Application 3: Personalized Treatment Selection

# Treatment selection model
treatment_model <- modelbuilder(
  data = treatment_response_data,
  outcome = "treatment_response",
  outcomePositive = "Responder",
  
  # Personalized model
  buildCustomModel = TRUE,
  customPredictors = c("age", "sex", "disease_severity", "biomarker_profile", 
                      "genetic_score", "comorbidity_index"),
  customModelName = "personalized_treatment",
  
  # Advanced options
  includeInteractions = TRUE,
  interactionTerms = "age*biomarker_profile, disease_severity*genetic_score",
  transformVariables = TRUE,
  useStepwise = TRUE,
  
  # Validation
  splitData = TRUE,
  crossValidation = TRUE,
  bootstrapValidation = TRUE,
  
  # Clinical utility
  generateRiskScore = TRUE,
  exportForDCA = TRUE
)

Application 4: Multi-center Model Development

# Multi-center prediction model
multicenter_model <- modelbuilder(
  data = multicenter_study_data,
  outcome = "clinical_outcome",
  outcomePositive = "Yes",
  
  # Enhanced model with site adjustments
  buildEnhancedModel = TRUE,
  enhancedPredictors = c("age", "sex", "diabetes", "hypertension", 
                        "smoking", "cholesterol", "site"),
  
  # Robust validation
  splitData = TRUE,
  crossValidation = TRUE,
  cvFolds = 10,
  bootstrapValidation = TRUE,
  
  # Missing data handling
  missingDataMethod = "multiple_imputation",
  imputationSets = 20,
  
  # Comprehensive outputs
  compareModels = TRUE,
  showModelSummary = TRUE,
  showPerformanceMetrics = TRUE,
  showCalibrationPlots = TRUE,
  exportForDCA = TRUE
)

Interpreting Results

Model Performance Metrics

Discrimination Metrics: - AUC (Area Under the Curve): Measures model’s ability to distinguish between outcomes - AUC > 0.8: Excellent discrimination - AUC 0.7-0.8: Good discrimination - AUC 0.6-0.7: Fair discrimination - AUC < 0.6: Poor discrimination

Calibration Metrics: - Calibration Slope: Measures agreement between predicted and observed probabilities - Slope = 1.0: Perfect calibration - Slope < 1.0: Overfitting (predictions too extreme) - Slope > 1.0: Underfitting (predictions too conservative)
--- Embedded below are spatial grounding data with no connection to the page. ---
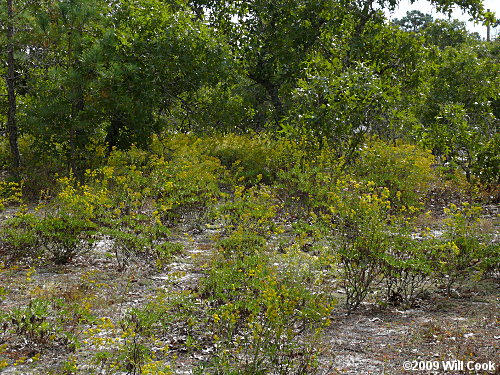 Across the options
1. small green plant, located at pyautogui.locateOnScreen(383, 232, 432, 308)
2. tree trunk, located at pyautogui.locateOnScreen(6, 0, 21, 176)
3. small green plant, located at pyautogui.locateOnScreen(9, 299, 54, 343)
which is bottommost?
small green plant, located at pyautogui.locateOnScreen(9, 299, 54, 343)

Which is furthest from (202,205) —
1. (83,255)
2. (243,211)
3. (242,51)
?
(242,51)

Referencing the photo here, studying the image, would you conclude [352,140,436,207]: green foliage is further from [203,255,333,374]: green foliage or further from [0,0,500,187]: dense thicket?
[203,255,333,374]: green foliage

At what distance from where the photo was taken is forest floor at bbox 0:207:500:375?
3.89 meters

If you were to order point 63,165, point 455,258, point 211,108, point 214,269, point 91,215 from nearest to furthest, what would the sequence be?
point 214,269
point 455,258
point 91,215
point 63,165
point 211,108

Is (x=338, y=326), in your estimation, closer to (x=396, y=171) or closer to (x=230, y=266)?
(x=230, y=266)

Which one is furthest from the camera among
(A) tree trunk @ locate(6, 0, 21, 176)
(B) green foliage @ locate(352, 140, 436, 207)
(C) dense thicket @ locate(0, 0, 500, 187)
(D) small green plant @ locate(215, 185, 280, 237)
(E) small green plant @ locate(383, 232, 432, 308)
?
(C) dense thicket @ locate(0, 0, 500, 187)

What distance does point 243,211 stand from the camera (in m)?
7.19

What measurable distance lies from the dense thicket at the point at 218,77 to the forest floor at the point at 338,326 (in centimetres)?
434

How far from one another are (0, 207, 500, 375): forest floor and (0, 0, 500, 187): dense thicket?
434 centimetres

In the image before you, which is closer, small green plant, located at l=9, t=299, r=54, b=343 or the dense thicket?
small green plant, located at l=9, t=299, r=54, b=343

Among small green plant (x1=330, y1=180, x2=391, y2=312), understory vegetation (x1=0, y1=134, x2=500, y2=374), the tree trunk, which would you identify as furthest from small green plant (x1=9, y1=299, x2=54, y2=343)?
the tree trunk

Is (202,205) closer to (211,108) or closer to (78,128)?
(78,128)

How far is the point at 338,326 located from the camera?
4703 millimetres

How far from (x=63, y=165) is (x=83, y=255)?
172 inches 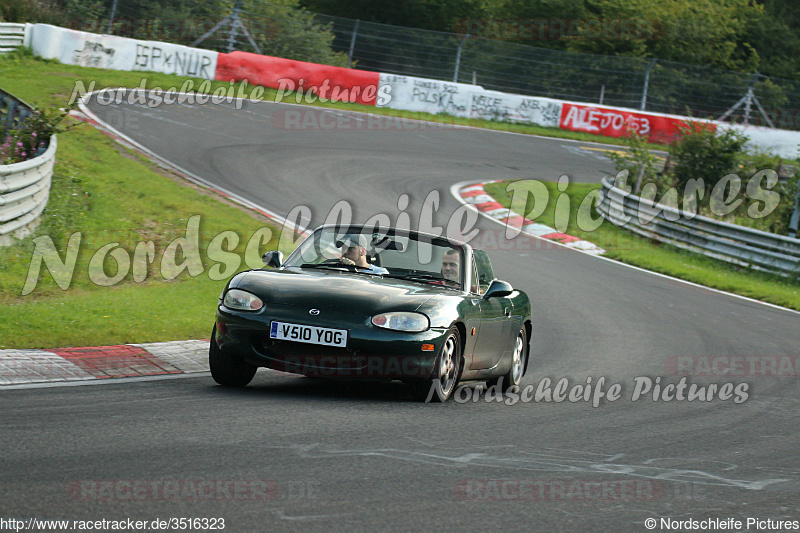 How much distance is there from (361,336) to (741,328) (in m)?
8.76

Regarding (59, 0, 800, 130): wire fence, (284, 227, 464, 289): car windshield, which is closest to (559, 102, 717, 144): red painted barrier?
(59, 0, 800, 130): wire fence

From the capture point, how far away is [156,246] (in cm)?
1365

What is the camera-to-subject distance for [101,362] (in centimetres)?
806

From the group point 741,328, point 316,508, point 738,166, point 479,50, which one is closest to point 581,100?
point 479,50

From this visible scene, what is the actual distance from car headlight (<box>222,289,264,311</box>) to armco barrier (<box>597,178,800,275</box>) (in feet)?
50.2

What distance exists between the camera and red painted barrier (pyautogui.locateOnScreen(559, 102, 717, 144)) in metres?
35.4

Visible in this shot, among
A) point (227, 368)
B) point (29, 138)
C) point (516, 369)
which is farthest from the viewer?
point (29, 138)

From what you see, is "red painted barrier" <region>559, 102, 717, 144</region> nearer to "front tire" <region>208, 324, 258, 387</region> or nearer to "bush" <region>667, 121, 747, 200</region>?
"bush" <region>667, 121, 747, 200</region>

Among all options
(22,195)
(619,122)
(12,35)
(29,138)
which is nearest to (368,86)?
(619,122)

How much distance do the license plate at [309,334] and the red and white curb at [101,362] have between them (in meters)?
1.49

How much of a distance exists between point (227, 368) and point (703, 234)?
1594cm

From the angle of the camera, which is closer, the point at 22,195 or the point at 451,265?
the point at 451,265

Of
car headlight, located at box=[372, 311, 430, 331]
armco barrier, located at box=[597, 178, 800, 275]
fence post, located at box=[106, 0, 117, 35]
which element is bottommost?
armco barrier, located at box=[597, 178, 800, 275]

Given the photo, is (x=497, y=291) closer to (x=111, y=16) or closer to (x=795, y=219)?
(x=795, y=219) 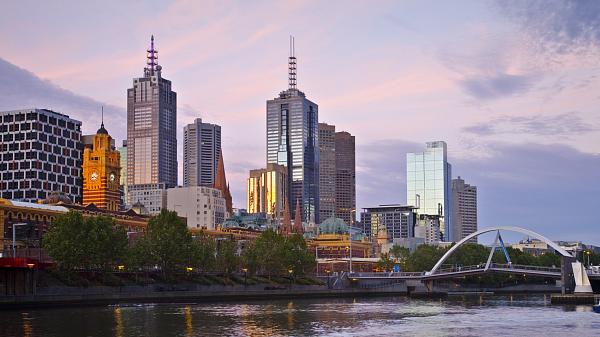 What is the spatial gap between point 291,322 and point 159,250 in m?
61.2

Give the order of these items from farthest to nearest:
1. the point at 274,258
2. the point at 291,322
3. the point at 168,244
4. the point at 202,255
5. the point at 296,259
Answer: the point at 296,259 → the point at 274,258 → the point at 202,255 → the point at 168,244 → the point at 291,322

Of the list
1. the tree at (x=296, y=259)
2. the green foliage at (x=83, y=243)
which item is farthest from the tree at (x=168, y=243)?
the tree at (x=296, y=259)

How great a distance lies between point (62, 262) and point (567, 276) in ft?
272

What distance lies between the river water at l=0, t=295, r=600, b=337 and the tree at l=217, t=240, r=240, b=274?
46.9 meters

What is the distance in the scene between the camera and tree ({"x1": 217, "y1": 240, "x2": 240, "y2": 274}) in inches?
6998

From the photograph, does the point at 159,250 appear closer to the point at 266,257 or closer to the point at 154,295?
the point at 154,295

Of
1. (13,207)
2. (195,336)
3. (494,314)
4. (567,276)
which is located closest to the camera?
(195,336)

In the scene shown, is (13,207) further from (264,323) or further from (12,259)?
(264,323)

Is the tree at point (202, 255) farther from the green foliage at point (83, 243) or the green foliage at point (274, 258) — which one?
the green foliage at point (83, 243)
• Calibration Intercept: Measures systematic over- or under-prediction
  • Intercept = 0: No systematic bias
  • Intercept > 0: Systematic under-prediction
  • Intercept < 0: Systematic over-prediction

Overall Performance: - Brier Score: Measures overall prediction accuracy (lower is better) - Hosmer-Lemeshow Test: Tests goodness of fit (p > 0.05 indicates good fit)

Model Comparison

# Compare multiple models
comparison_result <- modelbuilder(
  data = modelbuilder_test_data,
  outcome = "cardiovascular_event",
  outcomePositive = "Yes",
  
  # Build all model types
  buildBasicModel = TRUE,
  basicPredictors = c("age", "sex", "diabetes", "hypertension"),
  
  buildEnhancedModel = TRUE,
  enhancedPredictors = c("age", "sex", "diabetes", "hypertension", 
                        "smoking", "cholesterol", "bmi"),
  
  buildBiomarkerModel = TRUE,
  biomarkerPredictors = c("age", "sex", "diabetes", "hypertension", 
                         "smoking", "cholesterol", "troponin"),
  
  # Comparison settings
  compareModels = TRUE,
  showPerformanceMetrics = TRUE,
  calculateNRI = TRUE,
  calculateIDI = TRUE
)

Interpretation Guidelines: - Higher AUC indicates better discrimination - Calibration slope closer to 1.0 indicates better calibration - Lower Brier score indicates better overall performance - Positive NRI indicates net improvement in reclassification - Positive IDI indicates improvement in discrimination

Cross-Validation Results

Cross-Validation Metrics: - CV AUC: Average AUC across folds - CV AUC (SD): Standard deviation of AUC across folds - Optimism: Difference between training and CV performance - Optimism-Corrected AUC: Training AUC minus optimism

Interpretation: - CV AUC provides unbiased estimate of future performance - Small SD indicates stable performance across folds - Large optimism indicates overfitting - Optimism-corrected estimates are more realistic

Best Practices

1. Study Design and Data Quality

# Ensure adequate sample size
n_events <- sum(clinical_data$outcome == "Yes")
n_predictors <- length(predictor_variables)
epv <- n_events / n_predictors

# Rule of thumb: EPV should be ≥ 10
if (epv < 10) {
  warning("Events per variable (EPV) is low. Consider reducing predictors or increasing sample size.")
}

# Check data quality
summary(clinical_data)

2. Variable Selection

# Clinical relevance first
clinical_predictors <- c("age", "sex", "diabetes", "hypertension")

# Add variables based on clinical knowledge
enhanced_predictors <- c(clinical_predictors, "smoking", "cholesterol", "family_history")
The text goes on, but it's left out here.